Sunday 21 October 2012

Party Time!

     This week has been nothing but fun! I like it that way. I've gotten to see some of the people I love, and just hang out and laugh with them. I went to a Circa Survive concert thursday night. And that was a blast! Their talent and perfection blew me away. But, it still wasn't good enough to be in my top shows. But that's alright with me! Yesterday I got to celebrate my adorable nephew's second birthday with my family and some of his friends (pictures below). Then we went to church last night. We had a guest speaker, which was kinda weird, but he did a good job. He spoke about how we're supposed to be free men who free men. Meaning, we've been set free by Christ and now it is our job, our honor to get to free others. 
     There isn't much else going on in my life. Just good things. Maybe that will change, maybe it won't. But I will say that since my life has been slow I've been able to get on the wagon with some of my friends and match their speed to help them where they are. So, maybe it's a good thing.







Monday 15 October 2012

Life will always move on.

     Suppose you're just having "one of those days". Maybe it's today. My whole week was kind of like that. But if there is one thing I learned from it, I learned that that's okay. We're supposed to have those days. We're supposed to be reminded of how great the days that aren't like that truly are. My week went by really slow, work felt extra long every day. So, by the time my weekend had arrived I was really wanting to just get out. And I did! i went and played soccer with one of my besties. Then got to play drums at church Saturday and Sunday, and of course played soccer. I'm hoping that my week will just get better.

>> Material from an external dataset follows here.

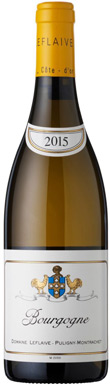 Domaine Leflaive, Bougogne Blanc 2015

Even though I'm dead tired, doesn't mean i can't have fun!
     This thursday I'm going out to Lawrence to see one of my favourite bands, Circa Survive! So there really is no way my week is going to be worse than last week, even though last week wasn't dreadful. Although, last week I did learn that I am extremely clumsy when I am running on not enough sleep. In one evening (really in about a two-hour span) I spilled three drinks. One of them was unto my poor friends lap. Which to be perfectly honest, was really funny. one was a soda that overflowed on the floor. And the third time I knocked a water bottle over on my friends table. So I learned my lesson to not drink anything when I'm tired.
     I will end this post with a paragraph from the book I am writing. The book is really more of a book of questions I have asked myself, and the answer I found. So it won't ever really be done.
"The uncertainty of life in the Christ- something we need to learn to enjoy. Life never has, nor will it ever happen the way we want it to. I feel like God lets us make plans because he has a sense of humor. He did create it in the first place. The simple question, "What's your decision?" is something we overlook all too often. For in the body of Christ, should we really be making our own decisions? Better yet, do we ever make our own decisions? God came before all things and planned everything out. He knows how many strands of hair are on our head. Don't you think He would have known and put deep thought into your every decision?"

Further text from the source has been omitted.